College persistence and student attitudes toward financial success

College Student Journal, June, 2005 by Karen Leppel

Student attitudes regarding the importance of future financial success can also influence persistence in higher education. Two students who highly value financial success may behave in opposite ways concerning college persistence. The desire to achieve future financial success may motivate one student to remain in school in order to obtain a higher paying job upon graduation. For the other student, the desire for financial success may be so strong that he/she lacks the patience to complete college before beginning full-time employment with its corresponding full-time earnings. Similarly, other students with less regard for financial success may also behave in different ways. Thus, it is apparent that while the importance placed on financial success influences persistence behavior, it does so by interacting with other factors such as the relative value of current and future income. This interaction and the resulting effect of student attitudes toward future financial success on college persistence have not been explored in the literature.

Students can persist in college in different ways. They can continue at a given university or they can transfer from one university to another, but continue in the educational system. A broad definition of persistence includes students who demonstrate either of these types of behavior. Many of the studies on retention are based on data from a single institution. (See, for example, Allen (1999), Attinasi (1989), Elkins, Braxton, and James (2000), Grosset (1991), Hernandez (2000), Kahn and Nauta (2001), Okun, Benin, & Brandt-Williams (1996), Pascarella and Terenzini (1980), and Robst, Keil, & Russo (1998).) To get a broader view of persistence behavior, a national-level data set is needed. Using such a data set, this study is able to differentiate between (1) students who remain at the same institution, (2) students who transfer from one school to another, and (3) students who drop out of college entirely.
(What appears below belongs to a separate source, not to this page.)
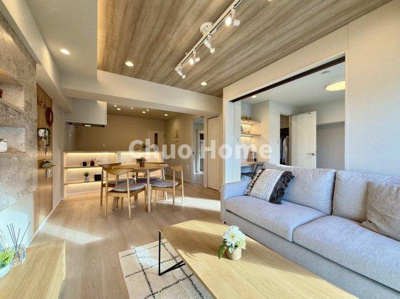 【キッチン】 | ニックハイム渋江公園 | 視界に広がりを生むオープンなキッチン。料理や片付けをしながら、家族との会話を楽しんだり、リビングで遊ぶ子どもを見守れます。ご見学時には家具の配置などもイメージしながらぜひご覧になって見て下さい。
This study examines persistence in the educational system from the freshman year to the following year. A utility-maximization framework is combined with the psychological factor of attitude toward future financial success. Furthermore, this analysis includes both males and females, and therefore is able to examine how the relationship differs for men and women.

II. Theory.

It is assumed that students decide to attend or persist at college by examining the present discounted value of the utility of present and future benefits and costs. Students who attend college generally expect to obtain better jobs than they would obtain without attending college. Better jobs have nonpecuniary benefits and higher salaries, which enable a person to afford more amenities. After a student decides to attend college, a particular institution and major field of study are selected. The student may choose the institution either before or after choosing a major. The major may be selected before the institution and then changed after enrollment.